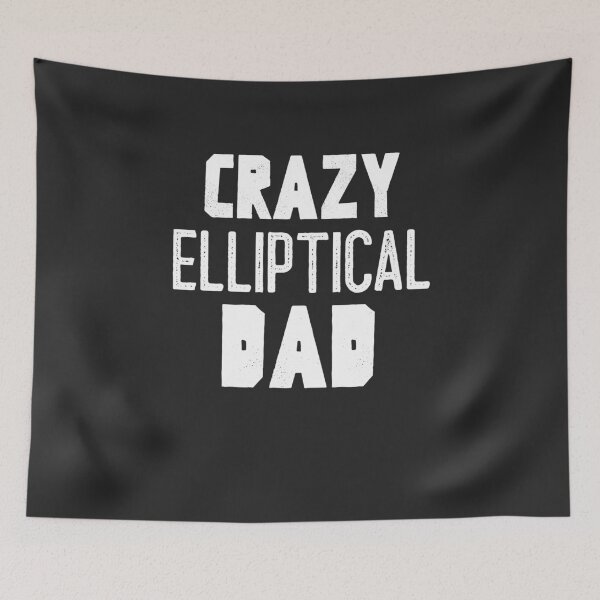 Item preview, Crazy Elliptical Dad designed and sold by EricJP.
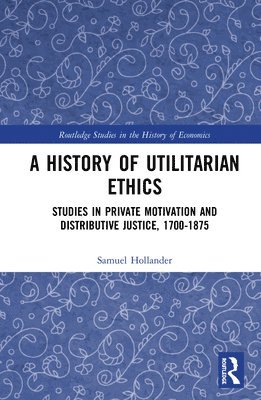 A History of Utilitarian Ethics 1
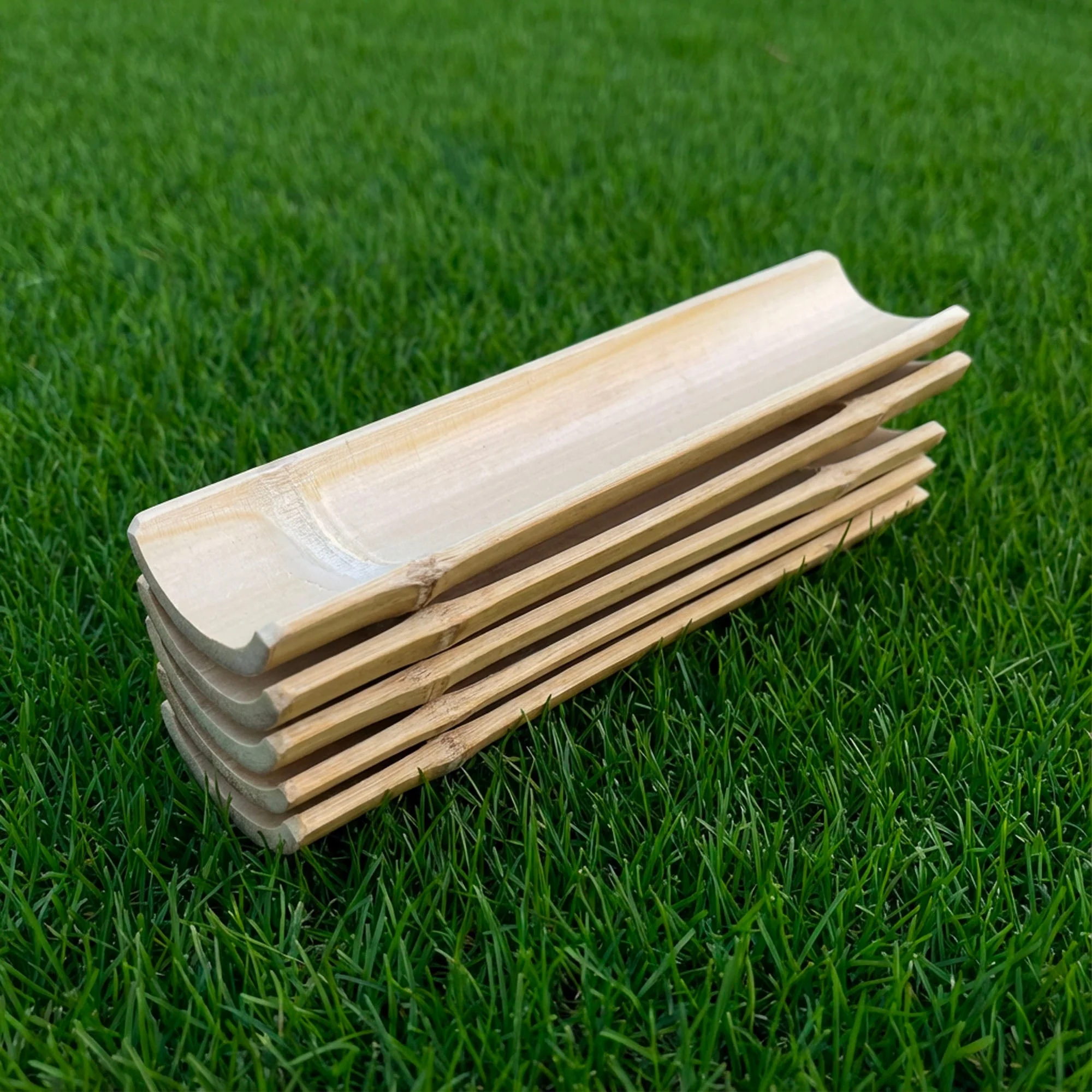 Bamboo Water Channel | Kids Outdoor Toy - Image 5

##########

■ Task requirements
Your answer should be the lines from the line containing "A History of Utilitarian Ethics 1" through the end of the listing above, output exactly and alone, without the pictures.

■ Task output
 A History of Utilitarian Ethics 1
 Bamboo Water Channel | Kids Outdoor Toy - Image 5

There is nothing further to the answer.